Visiting family members in hospitals and sanitoria often proved difficult. Many of these institutions were far from the patient’s homes. Family members would have to rely on the kindness of neighbours and friends to drive them to visit their loved ones. Below are a selection of stories of the lengths family had to go to.

The Wedding Visit

Michael and Theresa O’Sullivan are husband and wife and live on Fairhill on the north side of Cork city.

Michael’s three siblings contracted TB and spent time in sanatoriums. His brother spent 4 years at Heatherside Sanatorium in north Cork before being transferred to St. Finbarr’s hospital for a further 3 years. Two of Michael’s sisters spent between 2-4 years at Sarsfield Court sanatorium. In this piece Michael and Theresa talk about visiting Michael’s sister on their wedding day.

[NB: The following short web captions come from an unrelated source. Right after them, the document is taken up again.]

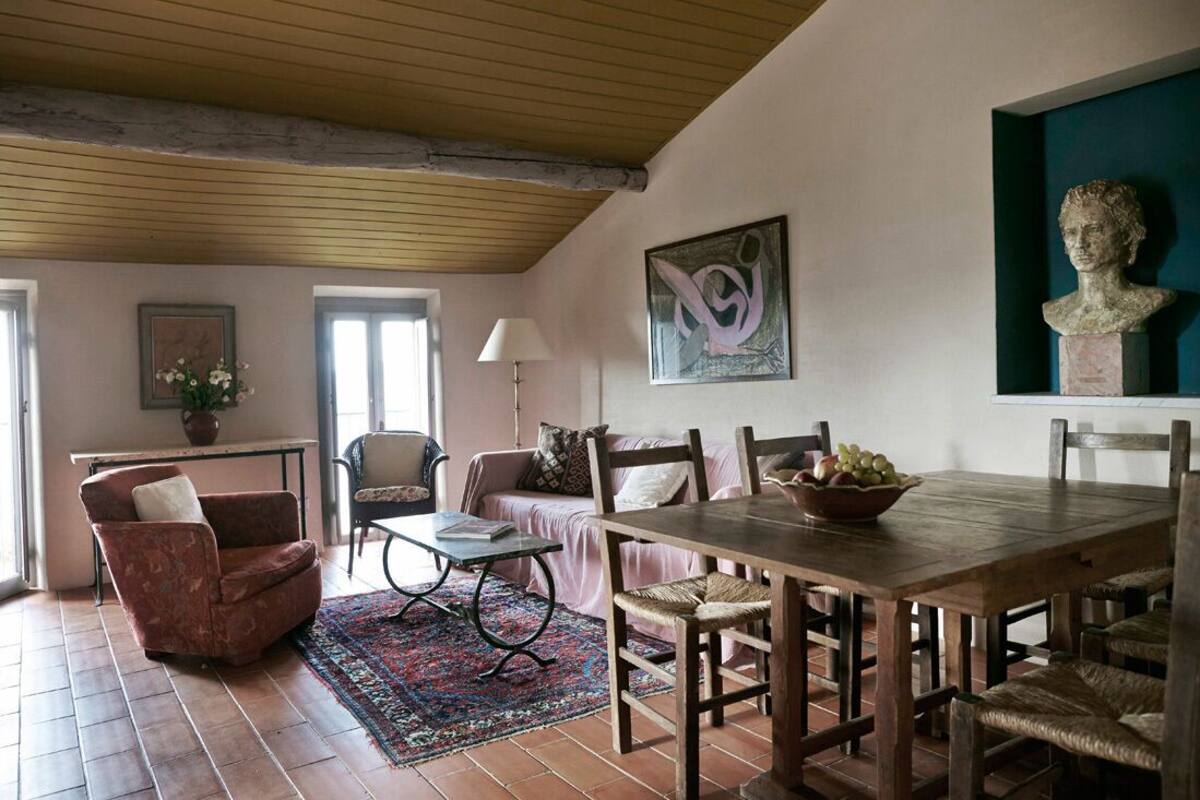 A dining area with a wooden table, chairs, and a vase of fruit. There is a window with a view of the outside.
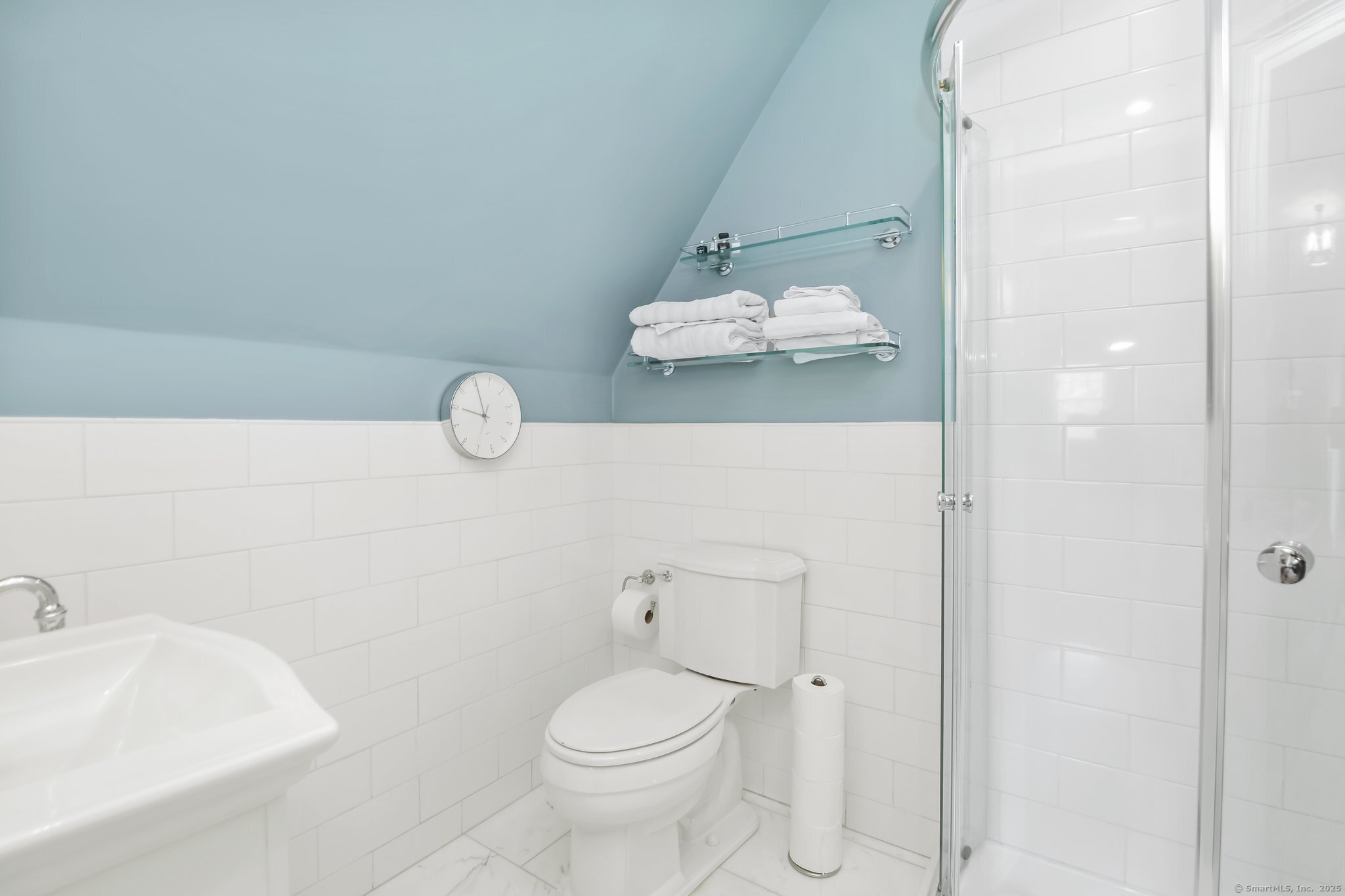 11 Old Hill Road Westport, CT 06880 - Photo 22 of 34 a bathroom with a sink a toilet and shower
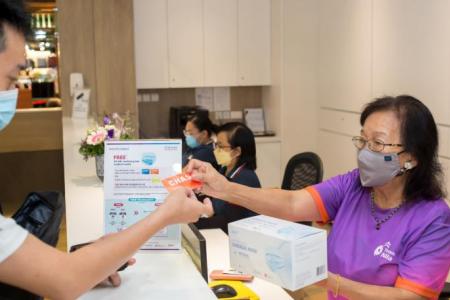 Over 730,000 boxes of masks collected in Temasek distribution drive for lower-income families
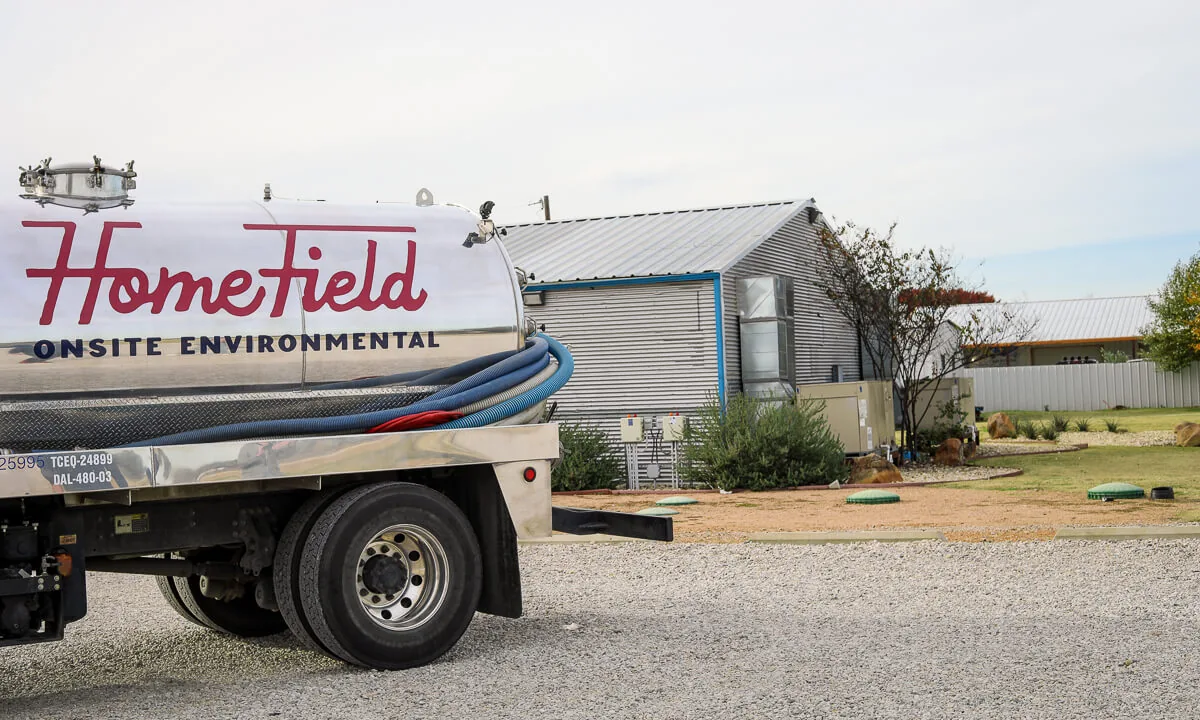 HomeField pump truck parked beside septic risers at a commercial property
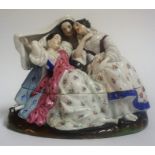 A Continental Porcelain Inkwell, circa late 19th century, in the form of three females, in two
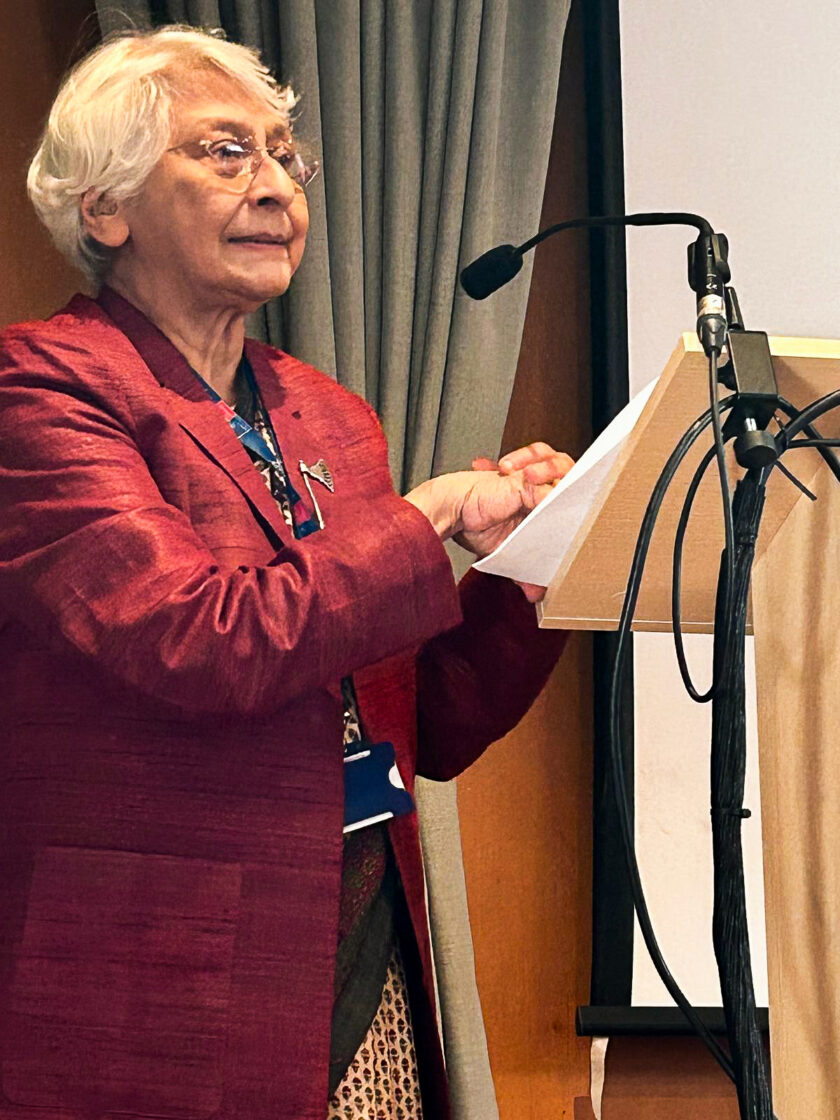 A distinguished woman dressed in a smart red jacket stands at a microphone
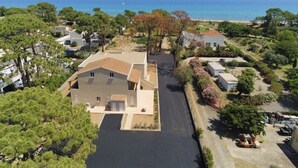 Luchtbeeld van een woongebied met een opvallend huis op de voorgrond, omringd door bomen en een helder uitzicht op de zee.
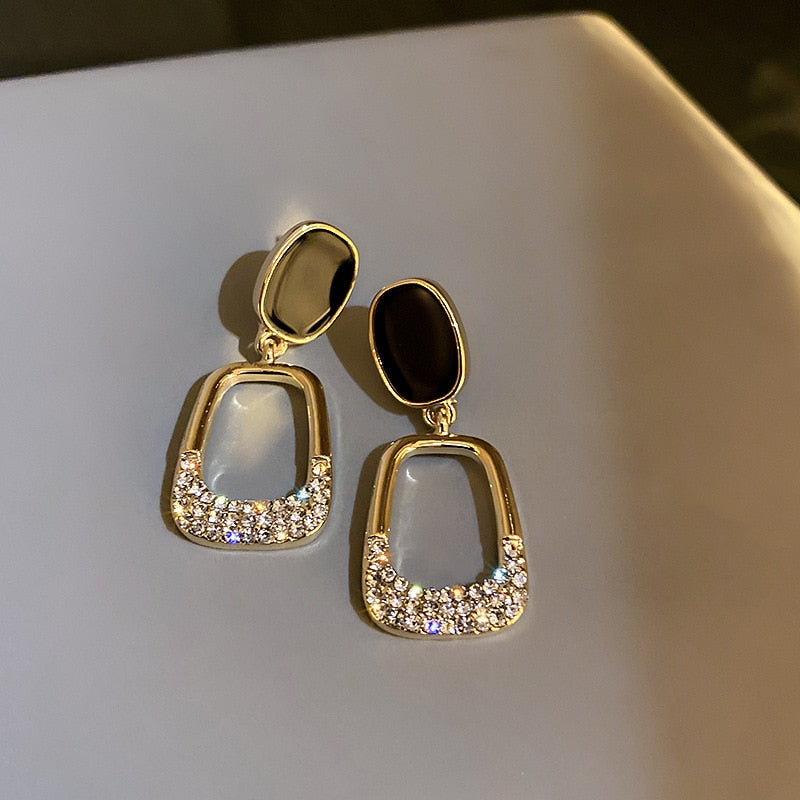 Luxury earrings with inlaid zircons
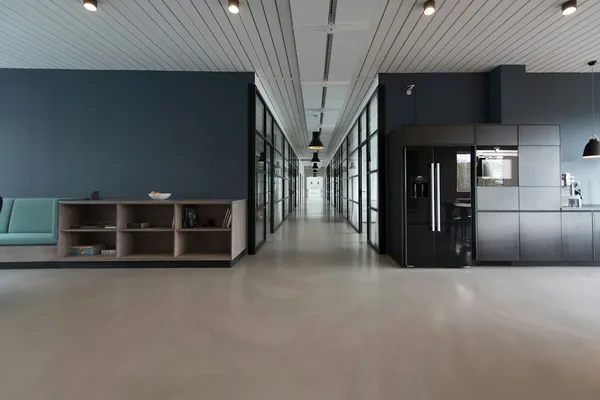A contemporary workspace with glass partitions and a long central corridor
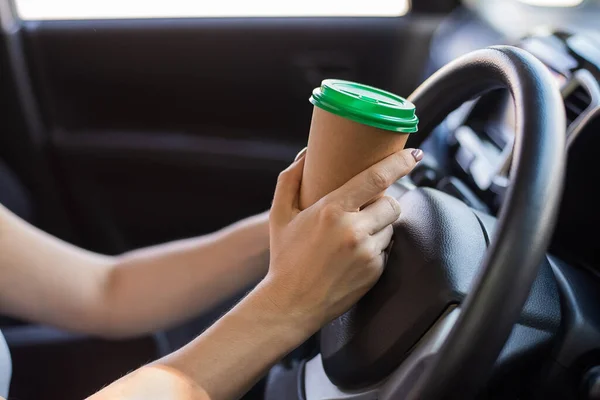Uma mulher sem rosto está bebendo café em um copo de artesanato enquanto dirige. Tome uma bebida tônica quente para levar embora — Fotografia de Stock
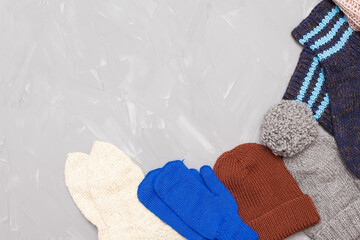 Knitted surface of woolen things as a background. Close-up of soft fabric red color knitted patterns texture. Warm winter clothing. Background textile surface with copy space for text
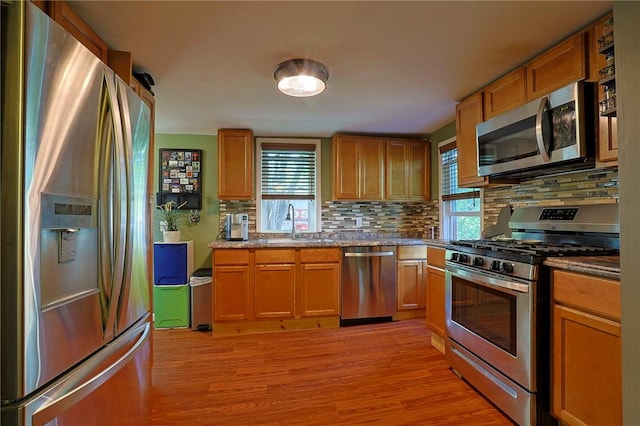 kitchen with tasteful backsplash, appliances with stainless steel finishes, light hardwood / wood-style floors, and a wealth of natural light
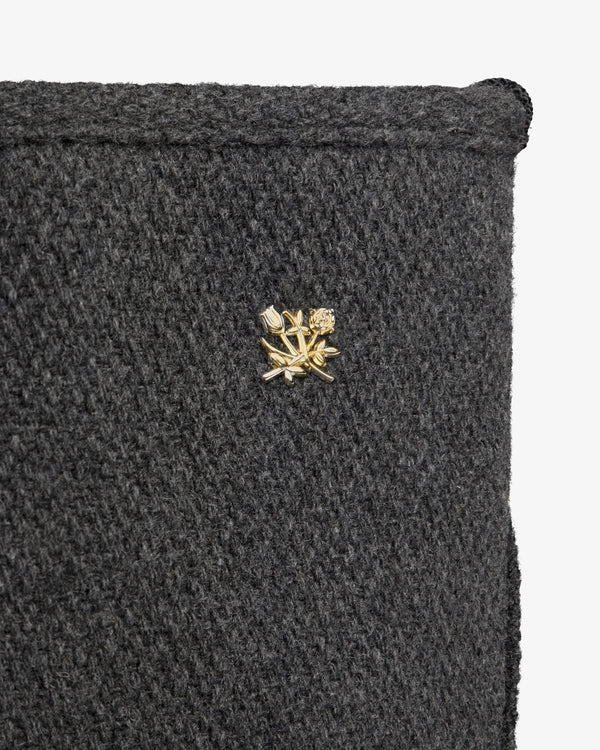 NY Highlanders Wool Tote Bag in dark gray wool featuring a gold-toned metal flower pin.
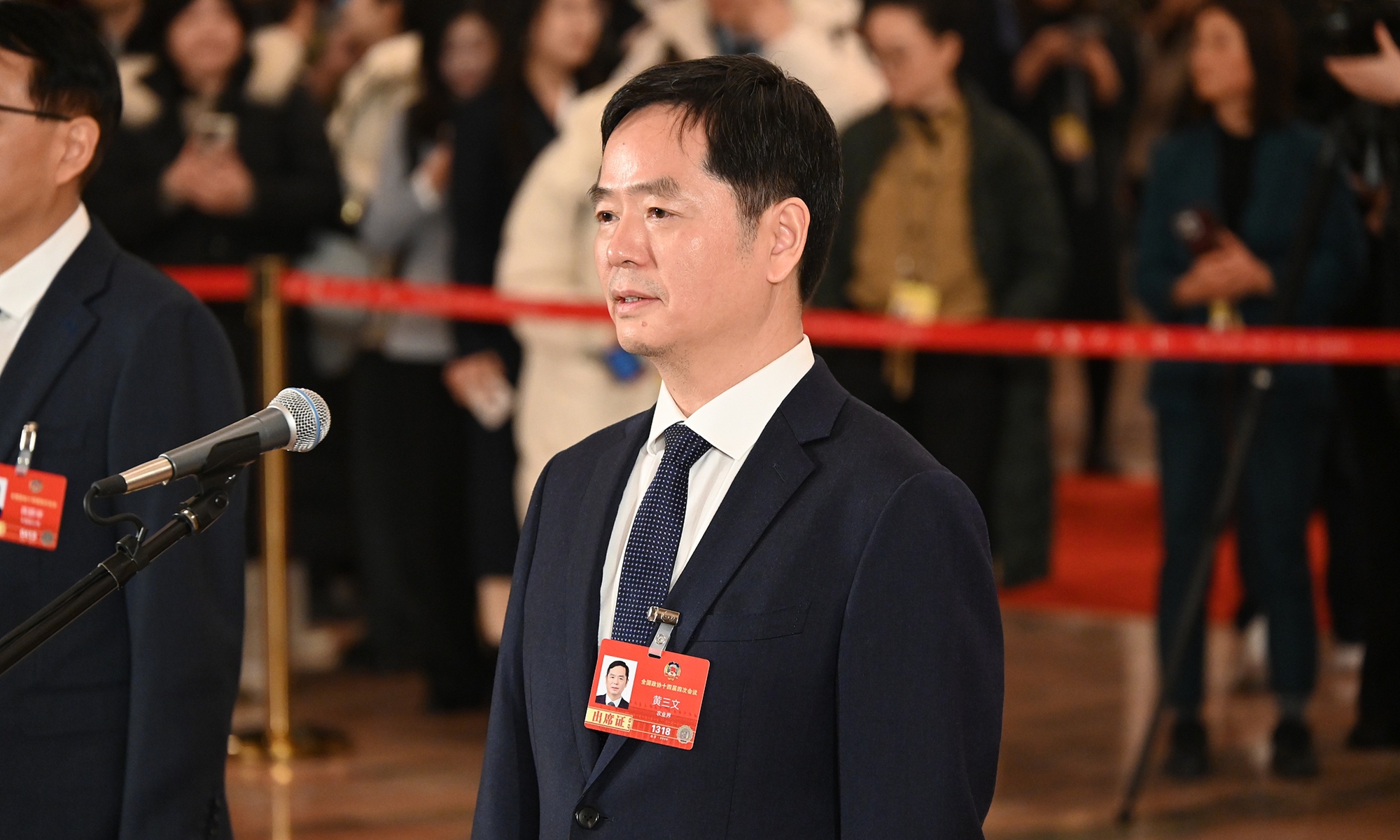 Huang Sanwen, a member of the 14th National Committee of the Chinese People's Political Consultative Conference (CPPCC), an academician of the Chinese Academy of Sciences, as well as President of the Chinese Academy of Agricultural Sciences speaks during a question-and-answer session at the Members' Corridor group interview of the fourth session of the 14th National Committee of the CPPCC held at the Great Hall of the People in Beijing on March, 4, 2026. Photo: VCG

This interview was conducted by Michael and Theresa’s daughter Susan.
"That day we were driven to down in our wedding gear, the car broke down on the side of the road"
Michael O'Sullivan
"He broke into the hospital and found him, but dad didn't recognise him. It was a good few years since he saw him"
Lesley Cox

Breaking into Cappagh

Lesley‘s father, Paddy, contracted Polio around ten years of age. Paddy spent four years in Cappagh hospital.

In this clip, Lesley tells of how her father’s older brother Brian, who had not seen Paddy for some years, made a daring break into Cappagh hospital to see his little brother. Lesley illuminates the extreme measures that some family members resorted to to overcome the long separation from their loved ones.